Ya no permitiría que le arrebatara nadie lo que tanto tiempo y coraje le costó ganar. Lo defendió contra todos, contra sus enemigos y contra sus propios aliados, contra los cristianos del norte y los conspiradores venidos de Bagdad, incluso contra los ejércitos del emperador Carlomagno, que bajaron de Francia para poner sitio a Zaragoza y al retirarse sin poder conquistarla fueron diezmados en el paso de Roncesvalles por los salvajes montañeses de los Pirineos. Desde el primer día de su reinado, recién lograda la victoria, Abd al-Rahman ni siquiera pudo confiar en quienes le ayudaron con las armas, porque los yemeníes, a los que prohibió entrar a saco en Córdoba y apoderarse de los tesoros y de las mujeres del vencido Yusuf al-Fihrí, en seguida tramaron una celada para asesinarlo, y sólo recurriendo al terror de las ejecuciones en masa los pudo doblegar. Se dice que por orden suya fueron decapitados treinta mil yemeníes, y que hizo estrangular en secreto incluso a miembros de su propia familia que le parecían sospechosos de traición.
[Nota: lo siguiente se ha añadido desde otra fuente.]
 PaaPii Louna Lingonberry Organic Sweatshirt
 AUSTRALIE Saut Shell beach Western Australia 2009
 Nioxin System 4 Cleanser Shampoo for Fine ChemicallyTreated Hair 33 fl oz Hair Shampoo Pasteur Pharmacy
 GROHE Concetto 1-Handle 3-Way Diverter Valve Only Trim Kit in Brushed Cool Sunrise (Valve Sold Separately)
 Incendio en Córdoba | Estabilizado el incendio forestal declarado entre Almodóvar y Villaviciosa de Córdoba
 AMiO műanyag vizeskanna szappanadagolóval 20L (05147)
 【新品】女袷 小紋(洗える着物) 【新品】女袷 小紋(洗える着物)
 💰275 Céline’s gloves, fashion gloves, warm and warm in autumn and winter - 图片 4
Únicamente el ejercicio metódico de la crueldad y del recelo mantuvo firme su poder. El Ajbar Machmua , una recopilación anónima de tradiciones de donde procede casi todo lo que sabemos sobre él, lo retrata así: «Tenía la palabra fácil y sabía hacer versos; suave, instruido, resuelto, pronto a perseguir a los rebeldes, no permaneció largo tiempo en reposo o entregado a la holganza; no descansó en nadie el cuidado de los negocios y no confió sino en su propia inteligencia. Unía la bravura temeraria a una grandísima prudencia. Llevaba de ordinario vestiduras blancas». No conoció el sosiego en los treinta y dos años que le quedaban de vida, y sus peores enemigos no fueron los cristianos de más allá de las fronteras del norte, sino los mismos árabes y las tribus bereberes que de vez en cuando se alzaban animadas a la rebelión por predicadores fanáticos. Proscribió en su reino la bandera negra de los abbasíes. Dispuso que en la mezquita mayor se pronunciaran maldiciones contra ellos y que en las oraciones del viernes se suprimiera la mención canónica al califa de Oriente. Porque no podía confiar en la lealtad de nadie, reclutó un ejército de cuarenta mil mercenarios extranjeros. La poesía y la guerra eran en él vocaciones iguales. Le pertenecen estos versos:

Cuando en mi camino el sol del mediodía lanza sus rayos abrasadores,
es mi dosel la sombra de la bandera tremolante.
Más grato que jardines y alcázares excelsos
es para mí el desierto y la morada en la tienda.